The contrasting messages seemed to do precisely what the campaigns had in mind: inspire their respective party bases with the added possibility of winning an undecided voter along the way.
Evelyn Goodman paid careful attention to the visits by both candidates and said the GOP "doomsday" predictions disgusted her, declaring: "The American people have been manipulated by fear."
"This sense of insecurity is not really there. I think it's been false for political purposes, so the Republicans can have control," said Goodman, a retired Miami resident who is supporting Kerry. "That's how they control people, through fear, not through hope."
Tom Hmurcik said he appreciates the president's projection of strength. He stood in awe of Bush's dramatic entrance at a rally on a baseball diamond in Ft. Myers, exclaiming after the speech: "Everything was unbelievably orchestrated. Did you see the helicopters?"
"My only grandson and I can rest easily every night knowing that George Bush is the president," said Hmurcik, a real estate agent from Estero, a town south of Ft. Myers.
As former President Bill Clinton made his first appearance on the fall campaign trail with Kerry on Monday, he urged voters not to be swayed by the message of fear.
"One of Clinton's Laws of Politics is this," he told a rally in Philadelphia before arriving in Miami. "If one candidate is trying to scare you and the other one is trying to get you to think, if one candidate is appealing to your fears and the other one is appealing to your hopes, you better vote for the person who wants you to think and hope."
Security at heart of Bush bid
What Democrats call fear, Republicans call strength and security, which is the cornerstone of Bush's re-election bid.
The president campaigned Monday with former New York Mayor Rudolph Giuliani, who reminded audiences of how Bush led the nation after the terror attacks on Sept. 11, 2001. California Gov. Arnold Schwarzenegger also has agreed to appear at the president's side.
Republican strategists think above all else that the issue of strength and security will keep voters on their side. Despite daily reports of fresh violence or problems in Iraq, campaign officials think the war has taken a back seat to larger concerns over domestic security.

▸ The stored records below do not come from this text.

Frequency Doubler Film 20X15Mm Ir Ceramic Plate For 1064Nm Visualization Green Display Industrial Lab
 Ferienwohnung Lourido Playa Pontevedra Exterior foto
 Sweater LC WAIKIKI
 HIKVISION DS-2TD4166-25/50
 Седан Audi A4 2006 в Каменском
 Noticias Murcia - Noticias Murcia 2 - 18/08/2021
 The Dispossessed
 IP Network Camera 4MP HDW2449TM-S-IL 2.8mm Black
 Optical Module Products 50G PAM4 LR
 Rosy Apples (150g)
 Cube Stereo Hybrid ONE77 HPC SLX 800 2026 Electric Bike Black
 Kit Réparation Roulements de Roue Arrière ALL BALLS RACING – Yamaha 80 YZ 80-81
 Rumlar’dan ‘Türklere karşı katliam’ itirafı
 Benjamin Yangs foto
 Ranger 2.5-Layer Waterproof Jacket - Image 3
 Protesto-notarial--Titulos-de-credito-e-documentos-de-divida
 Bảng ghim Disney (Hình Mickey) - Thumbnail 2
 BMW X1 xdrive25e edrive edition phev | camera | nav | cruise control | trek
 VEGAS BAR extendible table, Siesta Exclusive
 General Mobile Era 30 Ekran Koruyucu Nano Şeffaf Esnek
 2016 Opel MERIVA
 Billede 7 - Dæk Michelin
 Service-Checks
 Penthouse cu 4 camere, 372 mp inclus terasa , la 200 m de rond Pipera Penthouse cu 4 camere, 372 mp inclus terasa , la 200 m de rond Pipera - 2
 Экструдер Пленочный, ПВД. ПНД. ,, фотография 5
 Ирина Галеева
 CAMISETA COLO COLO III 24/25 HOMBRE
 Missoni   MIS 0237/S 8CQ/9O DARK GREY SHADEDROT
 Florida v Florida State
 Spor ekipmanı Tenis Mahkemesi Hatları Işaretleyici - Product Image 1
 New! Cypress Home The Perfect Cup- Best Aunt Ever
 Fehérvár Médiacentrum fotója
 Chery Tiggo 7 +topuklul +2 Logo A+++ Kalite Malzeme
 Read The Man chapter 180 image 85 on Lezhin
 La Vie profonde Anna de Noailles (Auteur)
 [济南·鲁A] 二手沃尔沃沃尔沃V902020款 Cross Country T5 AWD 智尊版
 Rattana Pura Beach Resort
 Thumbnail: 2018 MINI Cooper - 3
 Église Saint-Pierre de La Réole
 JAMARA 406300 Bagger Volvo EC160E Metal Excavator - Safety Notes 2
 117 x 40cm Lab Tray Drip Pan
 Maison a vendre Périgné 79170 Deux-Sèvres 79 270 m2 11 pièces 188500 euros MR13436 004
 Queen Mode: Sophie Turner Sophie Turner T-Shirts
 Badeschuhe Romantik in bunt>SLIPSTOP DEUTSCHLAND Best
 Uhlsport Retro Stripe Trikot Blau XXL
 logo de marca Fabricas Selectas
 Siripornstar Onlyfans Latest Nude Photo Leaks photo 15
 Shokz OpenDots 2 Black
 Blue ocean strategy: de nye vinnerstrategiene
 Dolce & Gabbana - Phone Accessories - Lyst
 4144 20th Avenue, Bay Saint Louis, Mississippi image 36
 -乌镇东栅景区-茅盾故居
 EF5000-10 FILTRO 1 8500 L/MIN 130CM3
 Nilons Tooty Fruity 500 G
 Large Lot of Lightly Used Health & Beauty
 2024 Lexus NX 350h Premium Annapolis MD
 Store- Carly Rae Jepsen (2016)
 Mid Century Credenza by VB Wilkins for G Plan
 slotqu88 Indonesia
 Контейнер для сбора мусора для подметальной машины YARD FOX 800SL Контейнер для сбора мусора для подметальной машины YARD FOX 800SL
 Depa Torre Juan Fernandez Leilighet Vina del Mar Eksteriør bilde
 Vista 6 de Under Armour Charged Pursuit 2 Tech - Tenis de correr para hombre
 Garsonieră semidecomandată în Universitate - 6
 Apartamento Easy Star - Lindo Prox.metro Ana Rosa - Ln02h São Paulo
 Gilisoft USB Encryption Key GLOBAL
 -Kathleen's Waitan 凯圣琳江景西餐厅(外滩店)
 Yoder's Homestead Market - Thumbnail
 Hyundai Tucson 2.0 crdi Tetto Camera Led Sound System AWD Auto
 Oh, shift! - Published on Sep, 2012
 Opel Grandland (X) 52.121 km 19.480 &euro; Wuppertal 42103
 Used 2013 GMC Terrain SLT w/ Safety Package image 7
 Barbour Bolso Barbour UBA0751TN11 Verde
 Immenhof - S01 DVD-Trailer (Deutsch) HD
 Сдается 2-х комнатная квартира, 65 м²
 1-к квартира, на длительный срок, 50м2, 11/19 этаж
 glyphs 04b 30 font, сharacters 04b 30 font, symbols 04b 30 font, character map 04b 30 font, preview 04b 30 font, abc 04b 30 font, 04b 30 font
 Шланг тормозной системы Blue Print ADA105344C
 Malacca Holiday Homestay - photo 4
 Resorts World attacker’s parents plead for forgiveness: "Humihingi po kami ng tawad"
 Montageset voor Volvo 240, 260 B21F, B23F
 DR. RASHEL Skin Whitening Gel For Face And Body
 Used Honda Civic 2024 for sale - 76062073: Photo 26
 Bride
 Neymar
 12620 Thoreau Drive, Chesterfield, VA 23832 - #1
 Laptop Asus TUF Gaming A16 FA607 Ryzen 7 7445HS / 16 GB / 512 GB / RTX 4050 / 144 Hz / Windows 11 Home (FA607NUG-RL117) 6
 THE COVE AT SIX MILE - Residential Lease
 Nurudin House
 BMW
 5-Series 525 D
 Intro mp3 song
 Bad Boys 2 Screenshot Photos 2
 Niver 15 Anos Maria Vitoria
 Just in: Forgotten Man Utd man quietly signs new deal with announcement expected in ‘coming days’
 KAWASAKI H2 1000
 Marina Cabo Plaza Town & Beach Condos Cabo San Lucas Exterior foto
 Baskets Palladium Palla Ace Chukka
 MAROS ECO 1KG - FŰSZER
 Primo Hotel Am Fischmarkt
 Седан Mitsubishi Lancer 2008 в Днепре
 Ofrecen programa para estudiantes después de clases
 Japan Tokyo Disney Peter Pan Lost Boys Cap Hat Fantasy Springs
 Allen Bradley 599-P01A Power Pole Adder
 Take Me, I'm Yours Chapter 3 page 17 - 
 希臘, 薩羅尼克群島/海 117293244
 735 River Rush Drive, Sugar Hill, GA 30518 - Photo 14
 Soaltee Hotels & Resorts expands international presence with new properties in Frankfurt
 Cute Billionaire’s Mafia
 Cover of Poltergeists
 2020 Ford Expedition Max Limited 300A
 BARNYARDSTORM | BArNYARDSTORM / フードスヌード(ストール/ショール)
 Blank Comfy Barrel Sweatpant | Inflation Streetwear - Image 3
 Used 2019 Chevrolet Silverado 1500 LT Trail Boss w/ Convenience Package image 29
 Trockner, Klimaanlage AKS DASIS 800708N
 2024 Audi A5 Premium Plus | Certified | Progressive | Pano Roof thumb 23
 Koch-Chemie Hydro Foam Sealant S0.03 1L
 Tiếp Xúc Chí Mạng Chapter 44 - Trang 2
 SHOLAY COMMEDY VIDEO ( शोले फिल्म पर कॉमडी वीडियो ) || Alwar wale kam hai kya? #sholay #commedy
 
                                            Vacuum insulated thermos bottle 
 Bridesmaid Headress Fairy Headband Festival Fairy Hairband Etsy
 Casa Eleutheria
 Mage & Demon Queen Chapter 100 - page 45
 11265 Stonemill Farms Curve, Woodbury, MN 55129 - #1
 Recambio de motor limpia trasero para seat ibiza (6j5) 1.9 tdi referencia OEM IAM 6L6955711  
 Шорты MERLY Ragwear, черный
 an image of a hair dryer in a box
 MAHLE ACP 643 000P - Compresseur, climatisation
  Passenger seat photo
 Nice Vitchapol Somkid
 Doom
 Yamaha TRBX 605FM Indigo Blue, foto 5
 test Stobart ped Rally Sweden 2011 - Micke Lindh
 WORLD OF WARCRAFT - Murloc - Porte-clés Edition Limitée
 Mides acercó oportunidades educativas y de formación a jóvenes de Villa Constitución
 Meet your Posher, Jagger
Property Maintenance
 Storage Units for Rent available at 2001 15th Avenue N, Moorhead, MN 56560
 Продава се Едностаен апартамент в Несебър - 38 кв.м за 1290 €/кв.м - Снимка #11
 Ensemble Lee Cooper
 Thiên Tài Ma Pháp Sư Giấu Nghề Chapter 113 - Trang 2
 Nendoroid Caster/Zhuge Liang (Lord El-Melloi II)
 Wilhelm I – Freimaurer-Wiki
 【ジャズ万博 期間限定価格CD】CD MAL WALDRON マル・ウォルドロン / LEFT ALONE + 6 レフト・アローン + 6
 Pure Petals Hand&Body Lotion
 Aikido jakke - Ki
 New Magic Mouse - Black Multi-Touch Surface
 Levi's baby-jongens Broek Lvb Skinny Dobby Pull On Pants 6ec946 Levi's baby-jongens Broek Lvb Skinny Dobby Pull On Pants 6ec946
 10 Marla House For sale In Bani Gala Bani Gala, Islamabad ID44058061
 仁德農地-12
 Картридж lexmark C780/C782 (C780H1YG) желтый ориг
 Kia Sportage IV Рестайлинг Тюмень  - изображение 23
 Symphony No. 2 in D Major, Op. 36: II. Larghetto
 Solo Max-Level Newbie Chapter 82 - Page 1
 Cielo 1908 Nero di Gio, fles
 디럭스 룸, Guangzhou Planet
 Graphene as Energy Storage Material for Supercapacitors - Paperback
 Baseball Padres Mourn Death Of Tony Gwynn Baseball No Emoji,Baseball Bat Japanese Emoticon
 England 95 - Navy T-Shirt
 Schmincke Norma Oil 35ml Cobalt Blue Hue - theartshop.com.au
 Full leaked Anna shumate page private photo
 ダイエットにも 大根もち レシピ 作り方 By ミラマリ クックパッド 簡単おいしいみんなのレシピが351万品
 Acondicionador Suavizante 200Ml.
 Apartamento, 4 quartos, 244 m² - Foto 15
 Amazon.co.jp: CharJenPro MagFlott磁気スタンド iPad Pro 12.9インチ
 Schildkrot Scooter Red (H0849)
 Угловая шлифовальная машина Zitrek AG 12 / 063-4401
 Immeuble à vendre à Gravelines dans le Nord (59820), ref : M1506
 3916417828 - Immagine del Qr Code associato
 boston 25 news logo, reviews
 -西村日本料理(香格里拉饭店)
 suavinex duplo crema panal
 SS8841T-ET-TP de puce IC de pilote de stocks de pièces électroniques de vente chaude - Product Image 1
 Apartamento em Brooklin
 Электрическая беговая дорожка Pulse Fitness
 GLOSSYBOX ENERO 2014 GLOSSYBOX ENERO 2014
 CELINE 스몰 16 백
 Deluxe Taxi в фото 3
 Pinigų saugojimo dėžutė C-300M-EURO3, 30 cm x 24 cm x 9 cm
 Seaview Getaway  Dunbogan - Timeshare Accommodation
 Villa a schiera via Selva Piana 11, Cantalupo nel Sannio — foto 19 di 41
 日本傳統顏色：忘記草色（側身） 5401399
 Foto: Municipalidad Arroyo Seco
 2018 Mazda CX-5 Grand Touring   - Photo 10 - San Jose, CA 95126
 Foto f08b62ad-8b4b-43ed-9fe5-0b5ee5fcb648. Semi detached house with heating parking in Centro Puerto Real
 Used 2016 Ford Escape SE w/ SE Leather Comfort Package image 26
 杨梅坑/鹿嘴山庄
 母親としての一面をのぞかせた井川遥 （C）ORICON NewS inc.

"This is part of the president continuing to clarify the choices for the American people as we get closer to Election Day," White House spokesman Scott McClellan said. "We can't achieve progress and all the other issues if we don't first address our security. And this is the highest priority for this nation."
The sharp contrasts that Bush is drawing with Kerry will give way in the final few days of the campaign to a 60-second television commercial in which the president will make a personal appeal to voters about his leadership and character. But for now, Bush is playing his trump card--the war on terror--and he's playing it hard.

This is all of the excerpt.